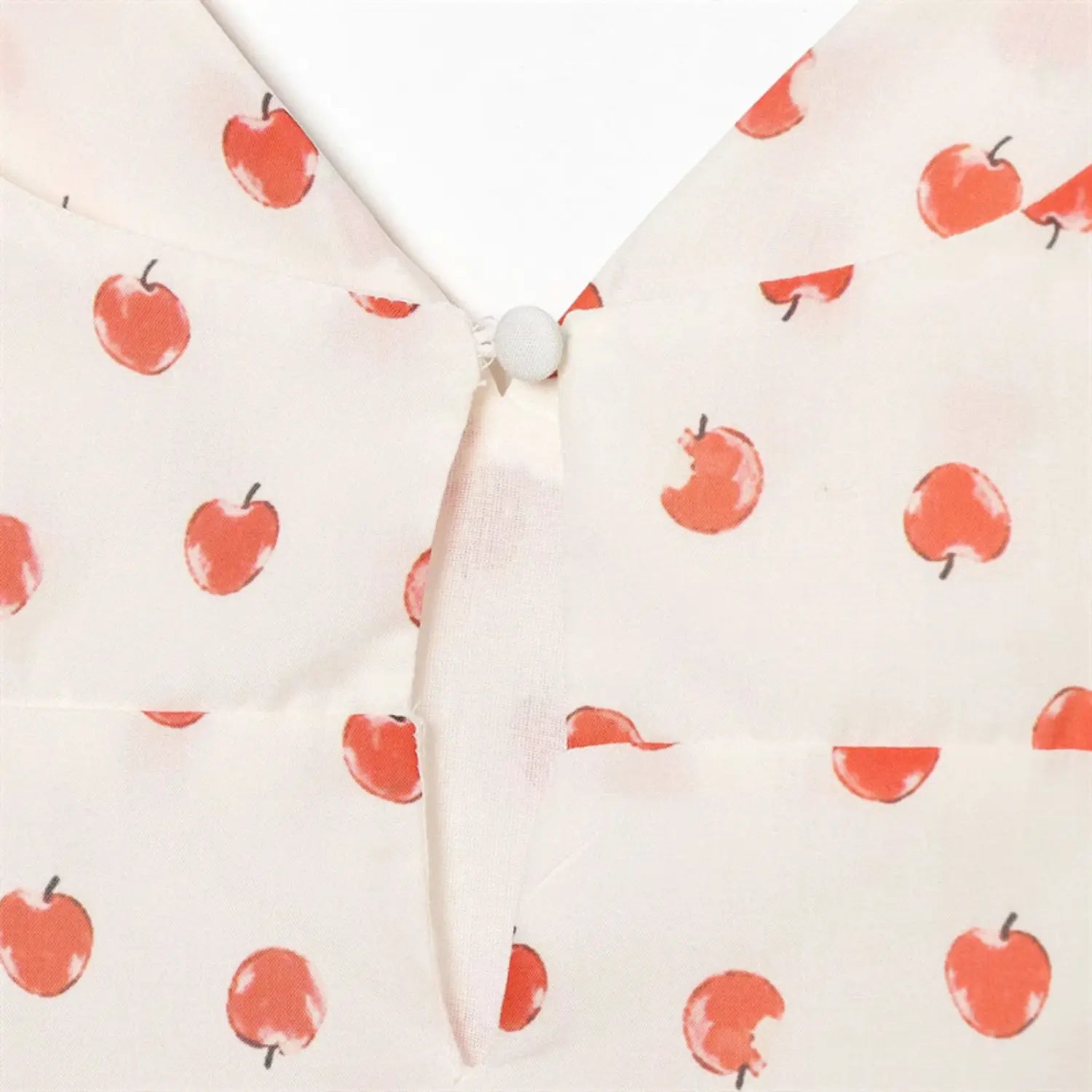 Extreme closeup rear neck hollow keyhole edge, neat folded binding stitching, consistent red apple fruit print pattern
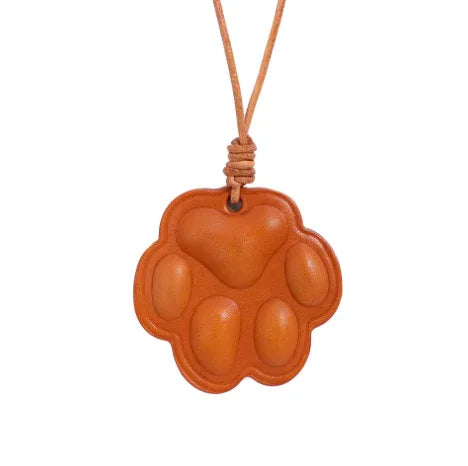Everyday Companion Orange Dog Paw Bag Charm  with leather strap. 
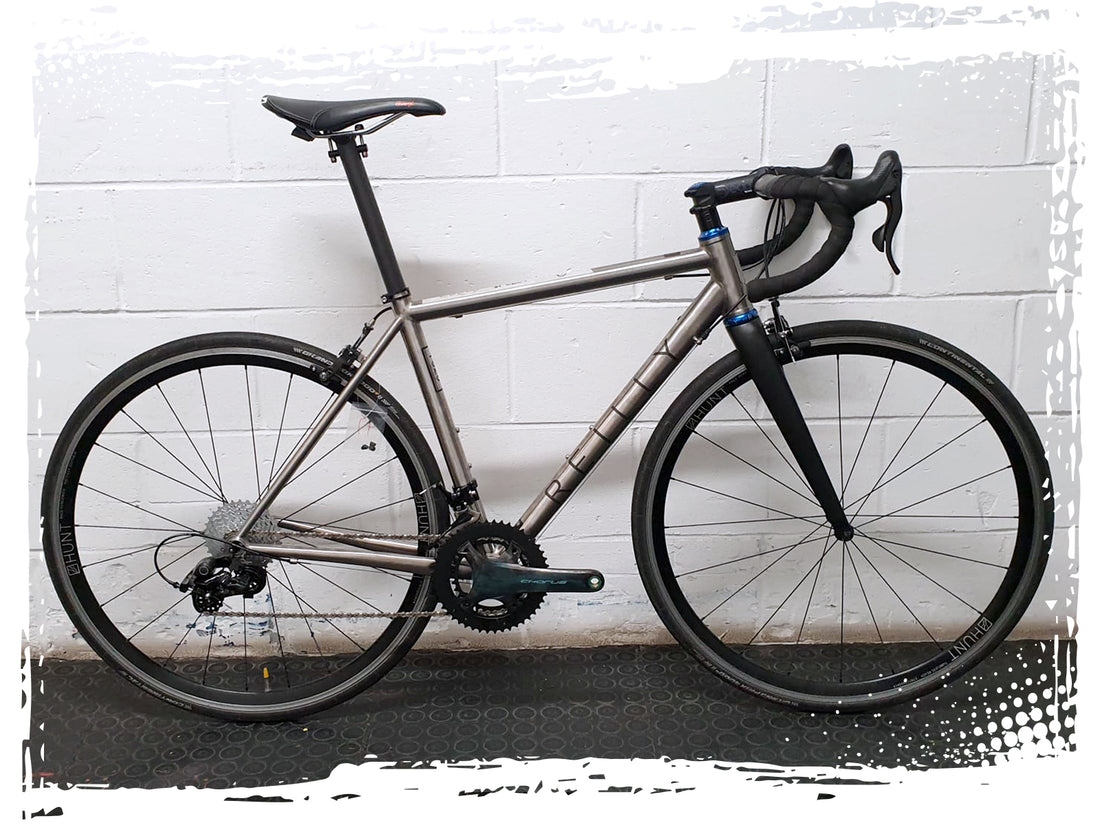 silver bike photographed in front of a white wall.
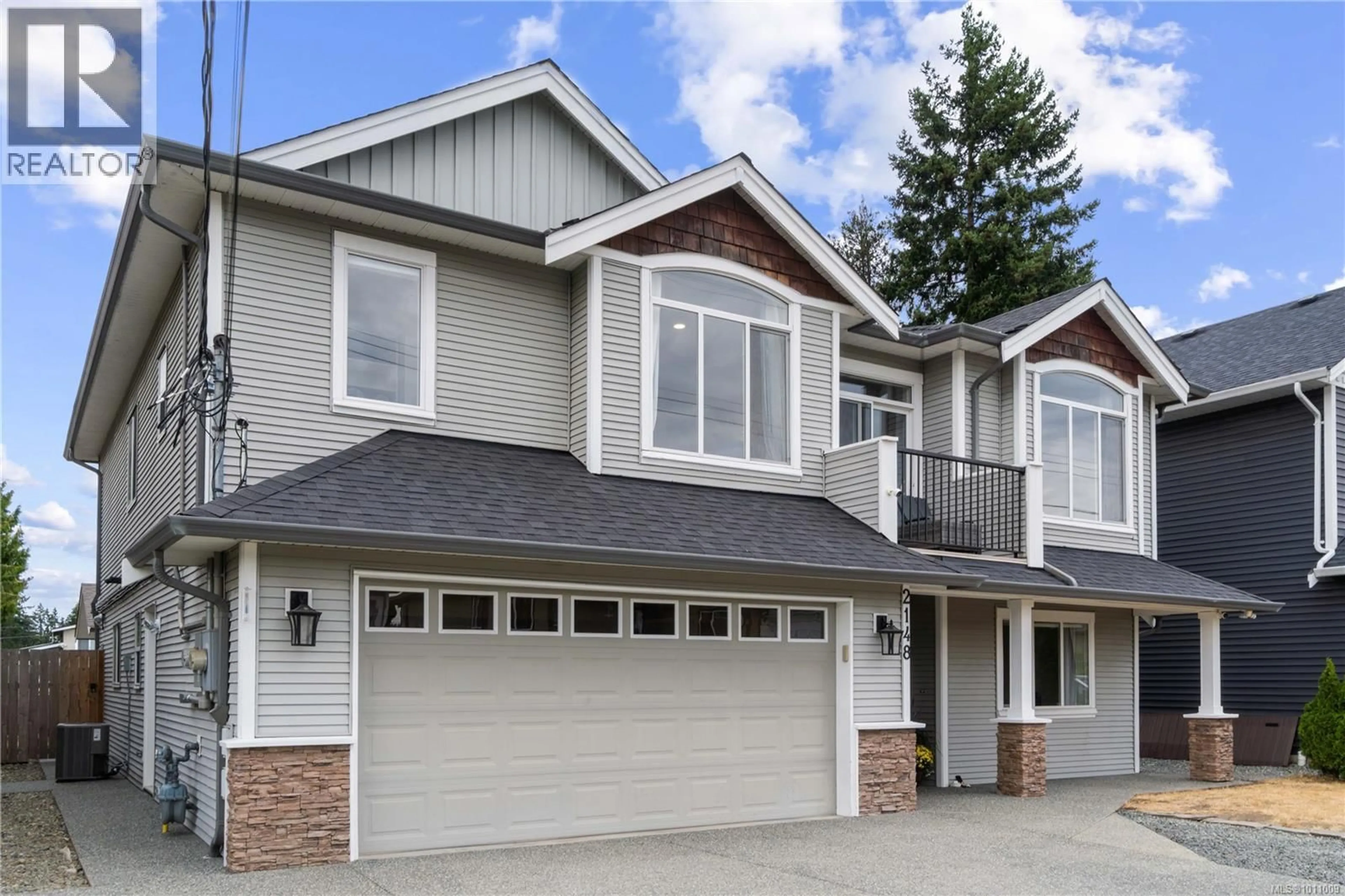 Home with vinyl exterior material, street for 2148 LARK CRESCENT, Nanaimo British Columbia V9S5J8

══════

Action item
The required output is every line from the beginning of the material above through the line with "silver bike photographed", exact and without pictures.

Answer to this problem
 Extreme closeup rear neck hollow keyhole edge, neat folded binding stitching, consistent red apple fruit print pattern
Everyday Companion Orange Dog Paw Bag Charm  with leather strap. 
 silver bike photographed in front of a white wall.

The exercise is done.